> [EXERCISE GOAL] Which lines below hold the word "Island"? Copy all of them.

Start of MATERIAL FOR THIS EXERCISE

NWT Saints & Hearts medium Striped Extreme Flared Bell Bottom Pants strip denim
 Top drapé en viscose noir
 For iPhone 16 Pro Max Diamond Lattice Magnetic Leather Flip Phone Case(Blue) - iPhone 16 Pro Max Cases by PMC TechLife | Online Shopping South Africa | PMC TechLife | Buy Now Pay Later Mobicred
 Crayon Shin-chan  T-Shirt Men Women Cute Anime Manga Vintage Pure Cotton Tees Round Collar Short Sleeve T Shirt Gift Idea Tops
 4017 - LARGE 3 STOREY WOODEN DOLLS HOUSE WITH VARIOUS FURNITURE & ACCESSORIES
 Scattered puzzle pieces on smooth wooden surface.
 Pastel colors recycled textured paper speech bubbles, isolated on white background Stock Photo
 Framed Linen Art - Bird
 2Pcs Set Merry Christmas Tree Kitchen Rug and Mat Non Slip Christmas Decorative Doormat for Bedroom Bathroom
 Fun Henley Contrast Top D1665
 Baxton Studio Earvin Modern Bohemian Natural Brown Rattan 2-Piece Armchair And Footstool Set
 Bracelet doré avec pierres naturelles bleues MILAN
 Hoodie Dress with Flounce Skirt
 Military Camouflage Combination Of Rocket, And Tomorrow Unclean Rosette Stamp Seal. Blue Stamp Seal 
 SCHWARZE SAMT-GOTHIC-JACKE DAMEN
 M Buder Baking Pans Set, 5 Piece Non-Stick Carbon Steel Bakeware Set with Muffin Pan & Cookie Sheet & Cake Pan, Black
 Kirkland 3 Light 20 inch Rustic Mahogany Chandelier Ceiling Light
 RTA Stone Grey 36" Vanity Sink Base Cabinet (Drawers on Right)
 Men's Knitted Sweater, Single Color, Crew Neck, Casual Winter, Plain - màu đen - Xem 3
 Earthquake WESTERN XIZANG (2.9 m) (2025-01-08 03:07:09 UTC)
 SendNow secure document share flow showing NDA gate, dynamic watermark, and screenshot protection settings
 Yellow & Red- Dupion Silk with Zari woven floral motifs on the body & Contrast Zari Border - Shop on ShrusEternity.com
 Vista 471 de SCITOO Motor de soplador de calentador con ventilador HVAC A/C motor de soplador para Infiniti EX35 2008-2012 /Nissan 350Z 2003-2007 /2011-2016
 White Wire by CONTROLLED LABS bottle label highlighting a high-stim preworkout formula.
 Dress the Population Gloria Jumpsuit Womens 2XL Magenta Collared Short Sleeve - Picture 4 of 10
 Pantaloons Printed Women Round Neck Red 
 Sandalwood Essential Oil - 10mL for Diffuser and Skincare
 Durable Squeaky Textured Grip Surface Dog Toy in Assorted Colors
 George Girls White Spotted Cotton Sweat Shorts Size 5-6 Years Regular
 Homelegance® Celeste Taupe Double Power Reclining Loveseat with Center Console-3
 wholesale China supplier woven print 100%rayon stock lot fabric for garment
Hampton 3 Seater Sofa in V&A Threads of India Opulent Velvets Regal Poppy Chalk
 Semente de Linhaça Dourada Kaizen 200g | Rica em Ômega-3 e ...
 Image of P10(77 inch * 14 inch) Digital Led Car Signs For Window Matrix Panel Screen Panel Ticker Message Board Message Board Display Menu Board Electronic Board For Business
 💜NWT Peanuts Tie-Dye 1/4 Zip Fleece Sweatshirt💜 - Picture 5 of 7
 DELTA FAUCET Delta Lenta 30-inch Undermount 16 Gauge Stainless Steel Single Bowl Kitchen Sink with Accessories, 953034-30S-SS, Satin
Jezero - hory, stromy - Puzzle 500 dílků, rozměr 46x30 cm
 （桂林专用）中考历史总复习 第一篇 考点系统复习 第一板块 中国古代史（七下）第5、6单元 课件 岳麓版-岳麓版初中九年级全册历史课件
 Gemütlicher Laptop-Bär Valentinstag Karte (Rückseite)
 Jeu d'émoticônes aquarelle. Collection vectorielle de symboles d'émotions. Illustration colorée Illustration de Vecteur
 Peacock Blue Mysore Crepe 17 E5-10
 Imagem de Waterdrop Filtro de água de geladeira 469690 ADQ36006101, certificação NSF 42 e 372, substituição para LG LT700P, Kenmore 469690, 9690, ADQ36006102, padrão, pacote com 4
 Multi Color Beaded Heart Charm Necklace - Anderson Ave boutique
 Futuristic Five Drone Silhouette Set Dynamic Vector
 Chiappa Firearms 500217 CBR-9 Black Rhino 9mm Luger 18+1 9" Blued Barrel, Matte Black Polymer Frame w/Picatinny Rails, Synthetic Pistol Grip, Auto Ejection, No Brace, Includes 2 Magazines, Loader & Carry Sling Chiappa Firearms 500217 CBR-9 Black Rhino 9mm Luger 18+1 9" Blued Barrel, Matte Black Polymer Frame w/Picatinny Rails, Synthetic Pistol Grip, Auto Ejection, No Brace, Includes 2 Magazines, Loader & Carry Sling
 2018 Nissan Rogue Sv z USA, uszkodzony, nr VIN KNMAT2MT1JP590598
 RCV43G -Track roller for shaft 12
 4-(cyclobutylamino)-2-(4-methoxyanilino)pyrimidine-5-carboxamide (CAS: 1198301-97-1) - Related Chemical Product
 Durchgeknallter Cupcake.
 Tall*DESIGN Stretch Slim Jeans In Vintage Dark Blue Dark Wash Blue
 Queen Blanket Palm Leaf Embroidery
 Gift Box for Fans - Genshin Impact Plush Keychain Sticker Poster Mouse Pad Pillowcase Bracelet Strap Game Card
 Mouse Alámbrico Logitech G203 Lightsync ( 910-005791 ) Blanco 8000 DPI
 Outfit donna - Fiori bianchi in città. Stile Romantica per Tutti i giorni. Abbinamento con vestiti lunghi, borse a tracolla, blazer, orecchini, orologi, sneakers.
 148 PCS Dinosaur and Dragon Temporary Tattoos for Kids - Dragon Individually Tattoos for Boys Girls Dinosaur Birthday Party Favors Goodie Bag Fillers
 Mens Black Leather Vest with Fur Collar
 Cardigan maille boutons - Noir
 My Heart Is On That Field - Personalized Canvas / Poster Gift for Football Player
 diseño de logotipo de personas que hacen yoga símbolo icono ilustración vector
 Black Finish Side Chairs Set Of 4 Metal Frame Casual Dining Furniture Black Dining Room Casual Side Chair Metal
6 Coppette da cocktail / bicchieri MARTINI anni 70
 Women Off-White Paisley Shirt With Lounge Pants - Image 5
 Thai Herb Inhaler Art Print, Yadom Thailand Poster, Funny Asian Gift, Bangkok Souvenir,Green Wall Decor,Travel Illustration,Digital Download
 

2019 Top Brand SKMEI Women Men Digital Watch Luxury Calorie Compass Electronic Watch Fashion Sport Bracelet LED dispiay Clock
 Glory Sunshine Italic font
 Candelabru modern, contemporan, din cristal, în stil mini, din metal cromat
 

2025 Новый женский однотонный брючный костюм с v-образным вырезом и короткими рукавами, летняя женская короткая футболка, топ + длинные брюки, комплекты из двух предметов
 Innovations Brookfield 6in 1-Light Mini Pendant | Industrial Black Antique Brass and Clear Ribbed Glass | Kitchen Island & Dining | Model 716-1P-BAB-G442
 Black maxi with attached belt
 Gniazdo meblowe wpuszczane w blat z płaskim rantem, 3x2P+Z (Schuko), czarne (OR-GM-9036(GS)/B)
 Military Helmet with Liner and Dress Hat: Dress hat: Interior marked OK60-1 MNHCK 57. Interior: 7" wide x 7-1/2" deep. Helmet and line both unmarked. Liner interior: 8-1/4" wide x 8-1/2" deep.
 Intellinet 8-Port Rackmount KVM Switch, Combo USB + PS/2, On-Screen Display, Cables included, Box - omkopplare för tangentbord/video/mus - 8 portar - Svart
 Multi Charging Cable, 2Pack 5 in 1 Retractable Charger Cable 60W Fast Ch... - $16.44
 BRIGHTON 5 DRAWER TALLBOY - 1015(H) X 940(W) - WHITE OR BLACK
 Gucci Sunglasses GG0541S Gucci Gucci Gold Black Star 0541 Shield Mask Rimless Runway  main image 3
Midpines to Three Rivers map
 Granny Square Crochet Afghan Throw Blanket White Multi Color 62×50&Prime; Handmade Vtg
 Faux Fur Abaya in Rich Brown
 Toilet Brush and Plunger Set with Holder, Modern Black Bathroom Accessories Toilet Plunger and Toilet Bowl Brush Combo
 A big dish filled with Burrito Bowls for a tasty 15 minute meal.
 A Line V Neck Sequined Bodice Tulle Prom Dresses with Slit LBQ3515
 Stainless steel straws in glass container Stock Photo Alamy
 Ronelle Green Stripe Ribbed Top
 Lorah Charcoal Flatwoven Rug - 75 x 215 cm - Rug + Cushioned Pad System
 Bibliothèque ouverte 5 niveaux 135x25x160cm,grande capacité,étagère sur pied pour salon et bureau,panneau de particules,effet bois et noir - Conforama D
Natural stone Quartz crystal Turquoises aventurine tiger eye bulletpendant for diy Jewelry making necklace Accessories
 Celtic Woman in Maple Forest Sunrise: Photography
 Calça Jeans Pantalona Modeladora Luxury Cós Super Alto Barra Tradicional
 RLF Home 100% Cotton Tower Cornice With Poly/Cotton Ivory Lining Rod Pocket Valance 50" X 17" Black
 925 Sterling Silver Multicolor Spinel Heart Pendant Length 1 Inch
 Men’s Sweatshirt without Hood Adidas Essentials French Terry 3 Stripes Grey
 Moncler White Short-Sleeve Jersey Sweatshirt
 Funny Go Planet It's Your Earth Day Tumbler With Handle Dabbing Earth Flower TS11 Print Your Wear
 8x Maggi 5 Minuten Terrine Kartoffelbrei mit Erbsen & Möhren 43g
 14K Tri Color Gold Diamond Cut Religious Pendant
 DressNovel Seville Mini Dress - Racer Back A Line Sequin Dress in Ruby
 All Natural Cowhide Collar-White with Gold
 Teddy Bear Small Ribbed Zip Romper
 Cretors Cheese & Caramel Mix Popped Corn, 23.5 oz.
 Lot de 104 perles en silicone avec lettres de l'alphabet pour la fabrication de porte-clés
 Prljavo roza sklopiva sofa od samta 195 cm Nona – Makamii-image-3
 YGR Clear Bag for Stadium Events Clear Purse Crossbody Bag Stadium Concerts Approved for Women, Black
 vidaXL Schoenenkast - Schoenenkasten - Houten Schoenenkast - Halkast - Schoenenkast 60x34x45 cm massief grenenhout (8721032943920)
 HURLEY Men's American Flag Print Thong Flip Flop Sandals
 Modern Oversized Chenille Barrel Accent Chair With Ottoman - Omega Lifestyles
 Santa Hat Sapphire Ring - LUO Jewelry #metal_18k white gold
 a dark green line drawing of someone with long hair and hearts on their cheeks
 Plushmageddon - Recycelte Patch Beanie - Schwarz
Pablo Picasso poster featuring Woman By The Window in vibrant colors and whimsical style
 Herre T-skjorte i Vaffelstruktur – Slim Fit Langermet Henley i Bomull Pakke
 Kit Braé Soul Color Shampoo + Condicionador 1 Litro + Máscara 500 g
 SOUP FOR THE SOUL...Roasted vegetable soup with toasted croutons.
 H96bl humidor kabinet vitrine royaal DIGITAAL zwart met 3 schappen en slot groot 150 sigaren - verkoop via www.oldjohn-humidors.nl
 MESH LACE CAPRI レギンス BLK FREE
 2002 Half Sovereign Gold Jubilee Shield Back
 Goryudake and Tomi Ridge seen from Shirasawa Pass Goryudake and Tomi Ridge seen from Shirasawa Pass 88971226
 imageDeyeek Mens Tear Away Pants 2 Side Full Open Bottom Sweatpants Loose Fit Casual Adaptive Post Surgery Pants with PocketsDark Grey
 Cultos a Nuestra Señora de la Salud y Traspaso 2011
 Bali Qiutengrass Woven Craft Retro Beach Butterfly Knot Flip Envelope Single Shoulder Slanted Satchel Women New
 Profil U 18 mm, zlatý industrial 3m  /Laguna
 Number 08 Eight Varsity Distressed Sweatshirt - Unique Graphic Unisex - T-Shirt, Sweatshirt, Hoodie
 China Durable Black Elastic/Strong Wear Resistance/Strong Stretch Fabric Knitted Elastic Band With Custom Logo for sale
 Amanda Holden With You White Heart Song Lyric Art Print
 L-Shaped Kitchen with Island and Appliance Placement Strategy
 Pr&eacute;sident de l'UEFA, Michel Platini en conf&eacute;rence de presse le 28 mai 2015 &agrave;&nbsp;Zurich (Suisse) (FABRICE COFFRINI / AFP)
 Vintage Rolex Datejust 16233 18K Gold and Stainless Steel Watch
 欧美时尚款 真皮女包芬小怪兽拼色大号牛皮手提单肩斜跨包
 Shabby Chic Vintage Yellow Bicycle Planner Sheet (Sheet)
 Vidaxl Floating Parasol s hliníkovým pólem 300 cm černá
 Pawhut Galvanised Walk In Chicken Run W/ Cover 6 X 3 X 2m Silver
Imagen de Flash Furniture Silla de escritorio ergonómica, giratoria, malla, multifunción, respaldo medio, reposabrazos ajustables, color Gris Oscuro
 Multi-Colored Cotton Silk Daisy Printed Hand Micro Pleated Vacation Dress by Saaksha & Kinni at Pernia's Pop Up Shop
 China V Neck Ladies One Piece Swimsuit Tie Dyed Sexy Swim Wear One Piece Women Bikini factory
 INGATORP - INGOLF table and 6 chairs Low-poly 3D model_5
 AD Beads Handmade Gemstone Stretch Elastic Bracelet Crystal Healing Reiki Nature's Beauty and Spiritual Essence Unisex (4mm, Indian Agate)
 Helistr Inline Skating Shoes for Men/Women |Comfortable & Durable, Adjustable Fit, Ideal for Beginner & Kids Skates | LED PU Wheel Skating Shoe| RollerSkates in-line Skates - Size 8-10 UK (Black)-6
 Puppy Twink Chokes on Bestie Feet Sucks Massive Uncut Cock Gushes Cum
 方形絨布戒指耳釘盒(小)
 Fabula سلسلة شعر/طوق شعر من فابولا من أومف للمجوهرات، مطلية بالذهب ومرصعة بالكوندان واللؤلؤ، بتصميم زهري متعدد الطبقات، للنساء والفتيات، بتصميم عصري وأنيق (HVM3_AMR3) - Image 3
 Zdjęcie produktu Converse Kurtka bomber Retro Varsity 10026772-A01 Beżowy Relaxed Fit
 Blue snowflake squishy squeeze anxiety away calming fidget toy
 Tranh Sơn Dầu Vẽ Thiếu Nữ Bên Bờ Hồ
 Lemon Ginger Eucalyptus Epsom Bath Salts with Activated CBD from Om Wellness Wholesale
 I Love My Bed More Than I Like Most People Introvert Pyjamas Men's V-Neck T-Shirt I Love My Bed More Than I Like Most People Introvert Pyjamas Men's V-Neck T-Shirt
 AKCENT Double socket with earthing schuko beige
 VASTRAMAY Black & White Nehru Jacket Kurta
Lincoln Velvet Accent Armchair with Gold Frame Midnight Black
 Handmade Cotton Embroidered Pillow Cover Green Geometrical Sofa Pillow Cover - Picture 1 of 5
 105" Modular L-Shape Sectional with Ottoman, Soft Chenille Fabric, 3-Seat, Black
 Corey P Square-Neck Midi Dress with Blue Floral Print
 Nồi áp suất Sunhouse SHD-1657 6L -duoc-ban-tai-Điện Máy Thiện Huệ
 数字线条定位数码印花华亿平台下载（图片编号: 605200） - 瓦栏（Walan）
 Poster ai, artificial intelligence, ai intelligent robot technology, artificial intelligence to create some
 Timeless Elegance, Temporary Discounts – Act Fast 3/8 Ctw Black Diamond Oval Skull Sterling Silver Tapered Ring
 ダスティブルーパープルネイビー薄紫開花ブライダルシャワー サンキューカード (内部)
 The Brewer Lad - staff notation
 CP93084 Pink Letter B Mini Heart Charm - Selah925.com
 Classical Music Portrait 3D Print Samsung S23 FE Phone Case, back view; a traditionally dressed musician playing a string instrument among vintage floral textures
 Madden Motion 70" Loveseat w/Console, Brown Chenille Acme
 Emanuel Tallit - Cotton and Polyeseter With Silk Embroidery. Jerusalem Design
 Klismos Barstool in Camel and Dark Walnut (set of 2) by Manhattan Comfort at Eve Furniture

End of MATERIAL FOR THIS EXERCISE

> [PROBLEM SOLUTION]
 Innovations Brookfield 6in 1-Light Mini Pendant | Industrial Black Antique Brass and Clear Ribbed Glass | Kitchen Island & Dining | Model 716-1P-BAB-G442
 L-Shaped Kitchen with Island and Appliance Placement Strategy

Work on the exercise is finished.